Article

Association between ABCC2 Gene Haplotypes and Tenofovir‐Induced Proximal Tubulopathy

Department of Nephrology, La Pitie-Salpetriere Hospital, Assistance Publique-Hopitaux de Paris, Universite Pierre et Marie Curie-Paris IV, 75013 Paris, France.
The Journal of Infectious Diseases (Impact Factor: 6). 12/2006; 194(11):1481-91. DOI: 10.1086/508546
Source: PubMed

ABSTRACT

Tenofovir disoproxil fumarate (TDF) may induce renal proximal tubulopathy (rPT).
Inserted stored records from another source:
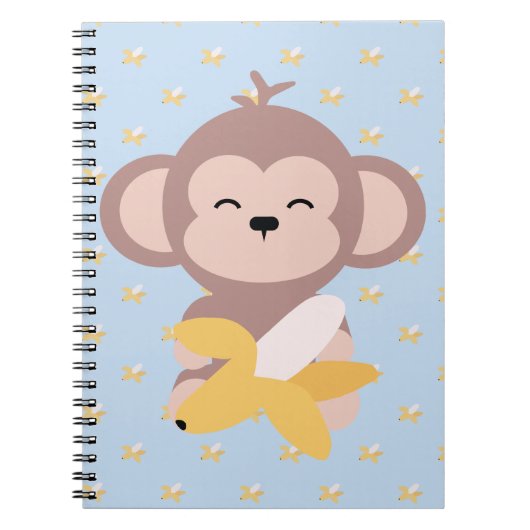 Cute Kawaii Monkey met Banana Notebook Notitieboek (Voorkant)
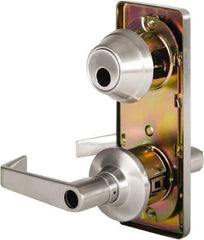 Stanley - Grade 2 Entry Lever Lockset - 2-3/4" Back Set, Key In Lever Cylinder, Brass Alloy, Satin Chrome Finish - All Tool & Supply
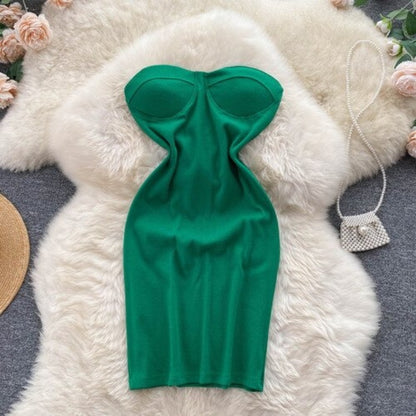 Stylish Off Shoulder Waist Slim Dress For Women Dark Green One Size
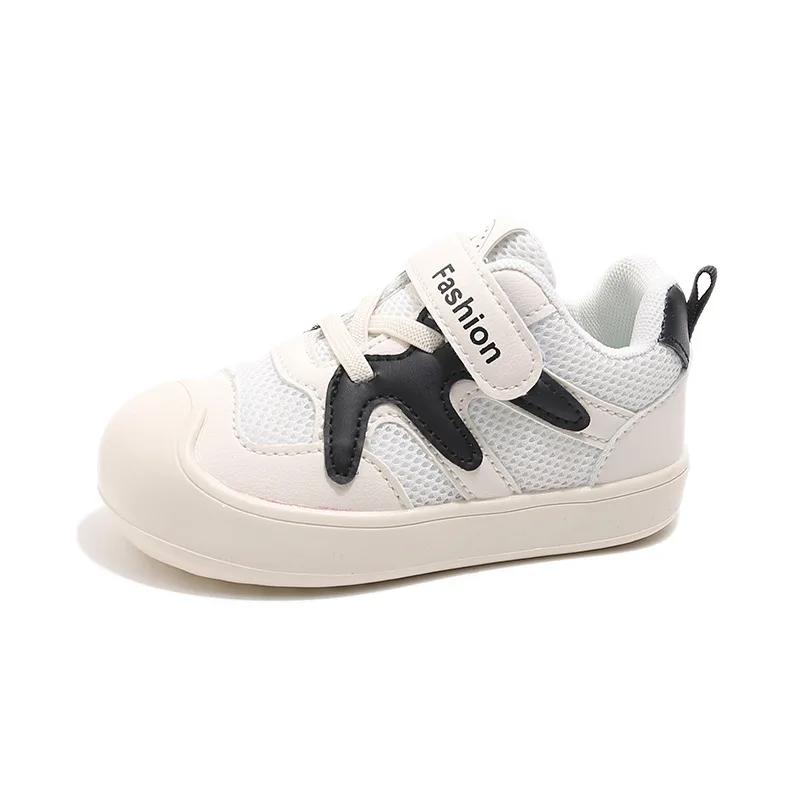 

Модная детская обувь на доске Весна 2025 Новый стиль Детская обувь для мальчиков и девочек Повседневная обувь для малышей с носком-ракушкой Черный Хаки 22-31 31 чёрный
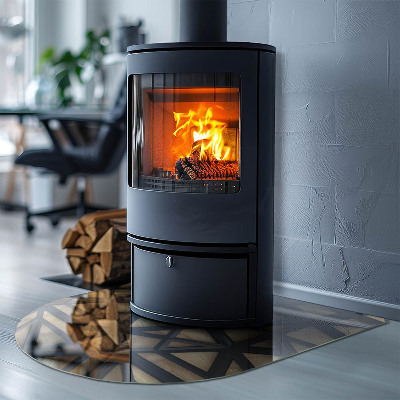 Vloerplaat openhaard semi-ovale Geometrie met hout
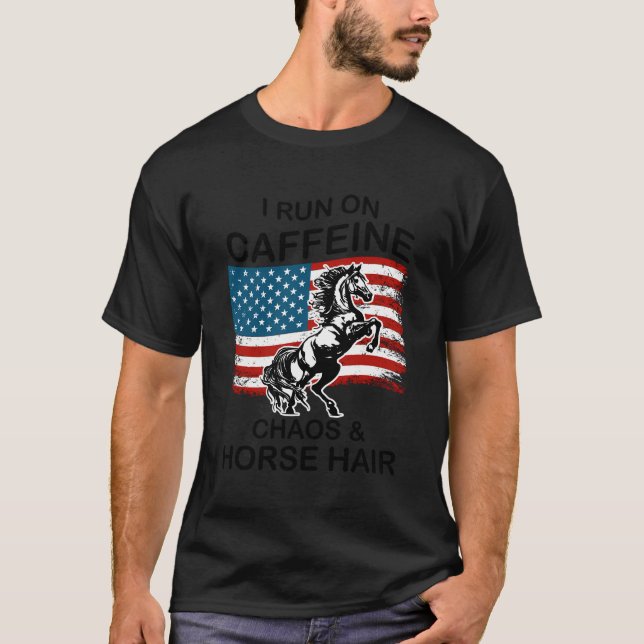 Funny US Flag Prix Stolz Racing Liebhaber des Pfer T-Shirt (Vorderseite)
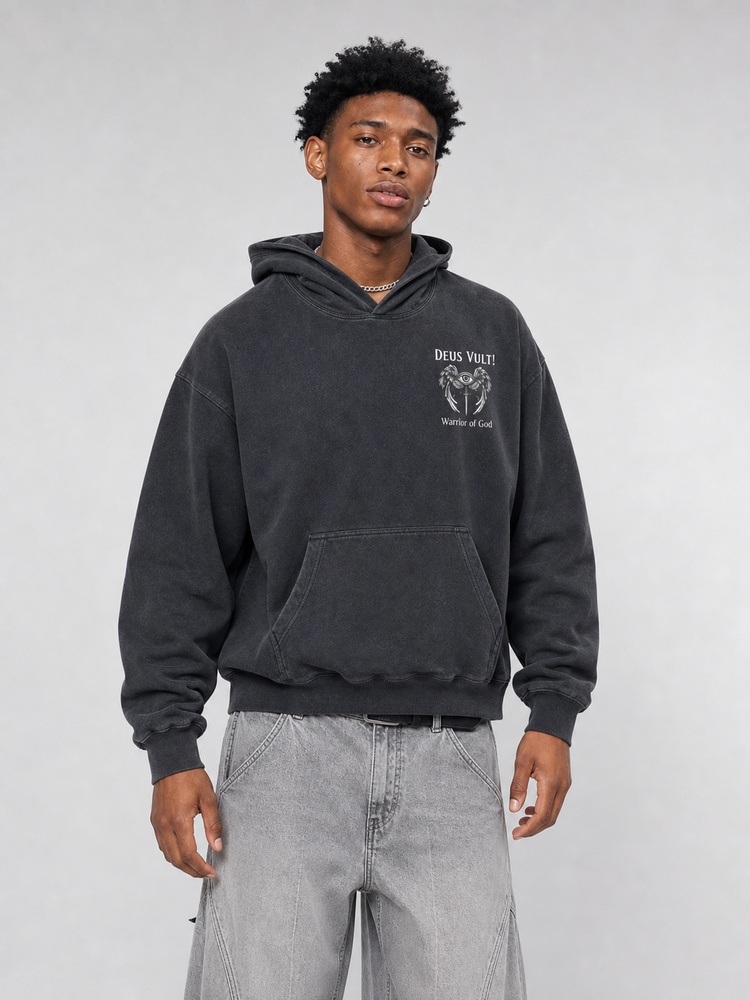 Eye Wing Sword Vintage Washed Hoodie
There are no data on pharmacogenomic predictors of rPT in the genes encoding the multidrug-resistance protein (MRP) 2 and MRP4 transporters.
Mutational screening of the genes for MRP2 (ABCC2) and MRP4 (ABCC4) was performed using genomic DNA from 13 human immunodeficiency virus type 1 (HIV-1)-infected patients (group 1) presenting with TDF-induced rPT. Concomitantly, 17 unrelated HIV-1-infected patients who had received TDF therapy and who did not have rPT (group 2) were included in a case-control analysis, to assess the influence of single-nucleotide polymorphisms (SNPs) identified in ABCC2 and ABCC4.
Six SNPs were identified in ABCC2. A significant allelic association between the 1249 G-->A SNP and TDF-induced rPT was observed (odds ratio, 6.11 [95% confidence interval, 1.19-31.15]; P<.02). ABCC2 haplotypes were significantly associated with the onset of TDF-induced rPT--CATC appeared to be a predisposing haplotype, as it was found in 40.9% of the group 1 case patients and in 13.7% of the group 2 control subjects (P<.01), whereas CGAC appeared to be a protective haplotype, as it was not observed in the group 1 case patients but was present in 20.2% of the group 2 control subjects (P<.01). No association was observed between ABCC4 polymorphism and TDF-induced rPT in the present study.
ABCC2 haplotypes are associated with rPT induced by TDF in HIV-1-infected patients.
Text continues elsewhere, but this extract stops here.